=== Data records ===

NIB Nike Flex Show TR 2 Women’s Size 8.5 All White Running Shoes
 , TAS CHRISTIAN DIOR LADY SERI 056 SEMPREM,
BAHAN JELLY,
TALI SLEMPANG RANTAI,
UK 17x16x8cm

===

▶ [Work order] Restate every record exactly, leaving nothing out.

▶ [Exercise answer]
NIB Nike Flex Show TR 2 Women’s Size 8.5 All White Running Shoes
 , TAS CHRISTIAN DIOR LADY SERI 056 SEMPREM,
BAHAN JELLY,
TALI SLEMPANG RANTAI,
UK 17x16x8cm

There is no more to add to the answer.